The Fabulous Monster: Owens Bottle Machine
All About Glass
The most significant advance in glass production in over 2,000 years ...
— American Society of Mechanical Engineers, 1983
Michael Owens, a self-taught American inventor, propelled the glass industry into the mechanical age. In 1903, he unveiled the world’s first completely automatic glass-forming machine—a machine for making bottles.
Owens was determined to eliminate the hand delivery of hot glass to bottle machines. He was convinced that a machine could suck thick, molten glass from a rotating pot directly into its molds. This idea defied every glassmaking convention.
It took years of trial and error before Owens introduced his first commercial bottle machine. The mechanical monster had to lift most of its own enormous weight each time it moved a mold to the glass pot. By 1920, the Owens bottle machine had become a 30-ton colossus with 10,000 parts. Even so, it produced more bottles in an hour than a team of human glassblowers could produce in a day.
Bottles, Bottles, Bottles
Karl Peiler had no experience with glass, but his invention led to machines that made bottles faster than the Owens machine. The American engineer had been hired by Owens’s competitors to find a more practical way to feed glass to bottle machines. In 1915, after months of hazardous experiments with molten glass, Peiler came up with the answer—the gob feeder.

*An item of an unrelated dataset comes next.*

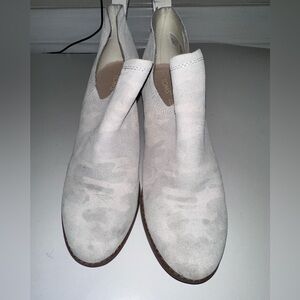 TOMS Women's Kalie Egret Light Camouflage Gray Suede Ankle Boots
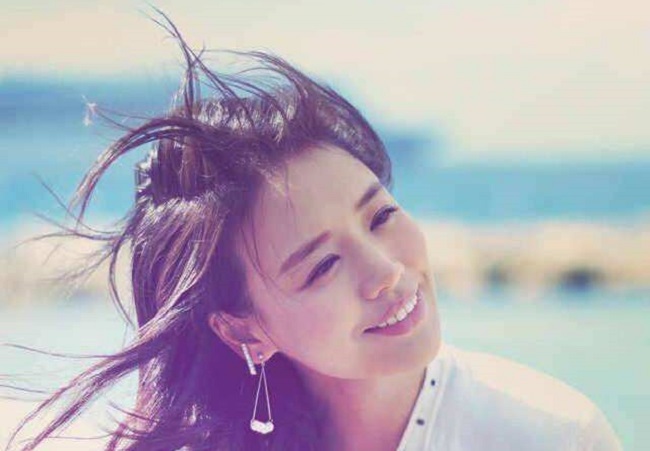 马思纯陈柏霖合照 长相神似引万千网友共鸣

The gob feeder didn’t suck up the heavy, molten glass the way the Owens machine did. Instead, it dropped a glass gob of the correct size and shape into the machine’s mold. Peiler had learned that the key to forming the gob was controlling the temperature of the glass. If the temperature was right, a paddle could push the needed amount of glass over the rim of the vat at the right time. The falling gob of glass would assume the correct shape naturally.
Peiler’s gob feeder was the breakthrough that led to modern glass-forming machines. All the Owens machines are now gone. Today, most of the world’s bottles are produced on I.S. (Individual Section) machines, using gob feeders that are successors to Peiler’s invention.